Worline: Well, that's such an interesting question. We are not finding systemic demographic differences in the behavioral expressions of compassion when we look for say, “Do you help others at work? Do you offer social support? Do you offer emotional support?” These kinds of things that we geeky academics try to measure. But what we do find is that there's a huge gender difference in who resonates with the word compassion. What I know, somewhat unfortunately, is that just by having compassion in the title of the book it's going appeal far more to your female readers than to your male readers because culturally compassion is seen as part of the female nurturing domain and it isn't interpreted to be as relevant to the male domain of conquering the world and being the provider.

That's part of why I think there's a gender bias or a gender difference around the word itself but when dig down a little deeper and try to measure who is doing stuff that if we just looked at it we would say that's compassion, we don't see as much of a difference.
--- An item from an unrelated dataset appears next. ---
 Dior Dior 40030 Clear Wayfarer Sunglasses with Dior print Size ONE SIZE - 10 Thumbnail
Kruse: You just need to write a follow-up called, ‘The Power of Compassion: It's Raw and In Your Face' and use big macho words and then you'll have the whole market covered.
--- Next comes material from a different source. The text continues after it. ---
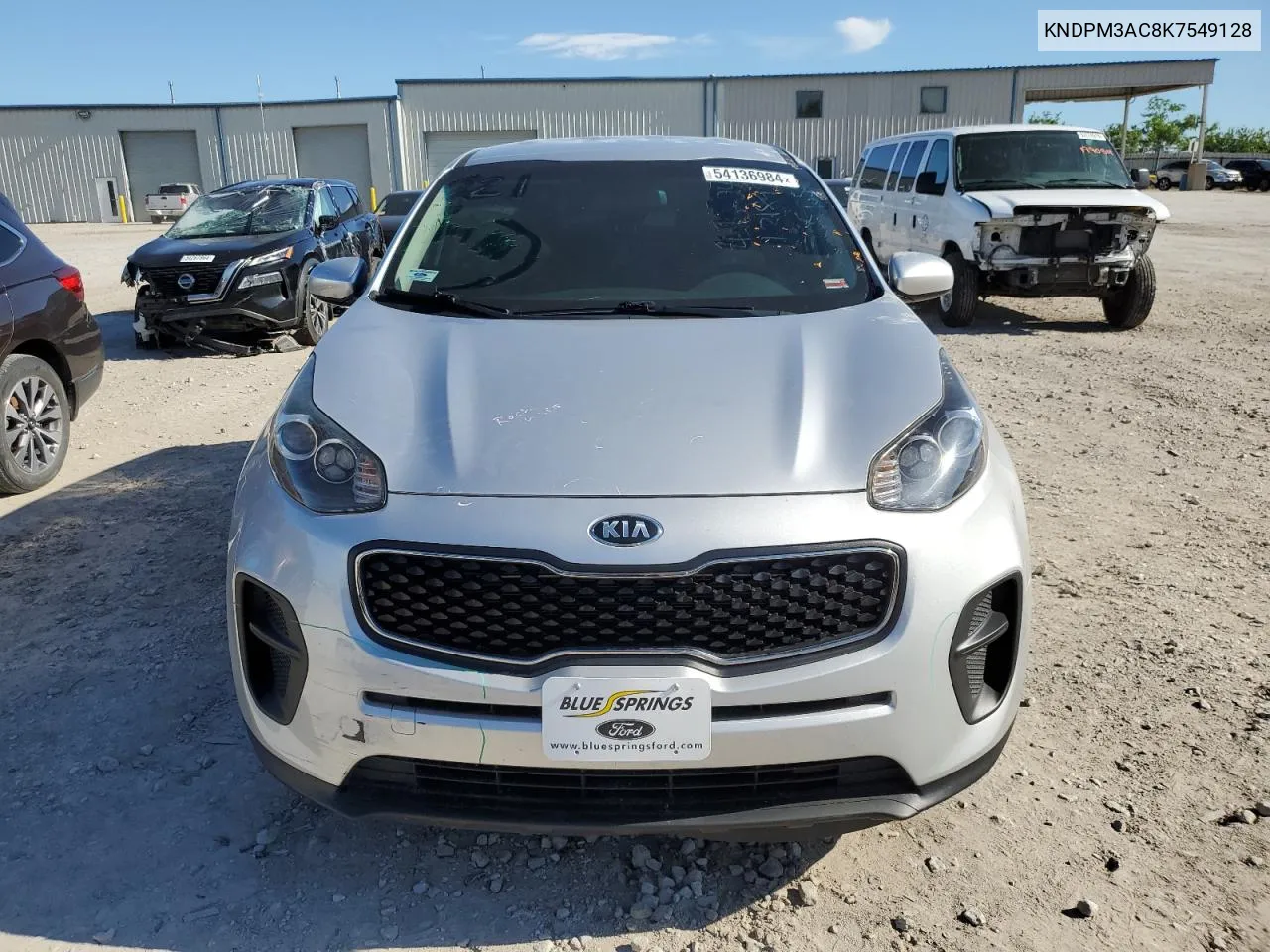 2019 Kia Sportage Lx VIN: KNDPM3AC8K7549128 Lot: 54136984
Worline: That's right. Well that's why it's so important that we have people like you, Kevin, talking about the need for compassion and care in workplaces because, in fact, the more that we have leaders who are willing to use the word compassion and who are willing to stand up for the value of care in organizations, the more that we can break down the stereotypical understanding of the word. That in fact, when people have studied different organizations, the military is one of the most compassionate organizations that people describe. Because you have that ethos that you have to be tough and that you have to be caring. Those bonds that people build with others in the military when they know that they're under fire and they have to perform and they have to take care of each other in order to do that, that's the kind of message that we're talking about when we talk about compassion. So if we have to find a whole bunch of different words to describe it in ways that people will recognize, that's the mission that we're on.

Kruse: Nobody would accuse officers in Marine Corps of being soft, and yet there's that compassion side, so I think that's awesome. 

Worline: Yeah. Absolutely right. I mean, that's such a great example. When people in business are afraid of compassion because they're afraid it's gonna make them look soft or look weak I do think we can point to leaders and examples like that and say, “You can't accuse those people of being weak. Look at what they do everyday. Look at the results that they get in their organization.”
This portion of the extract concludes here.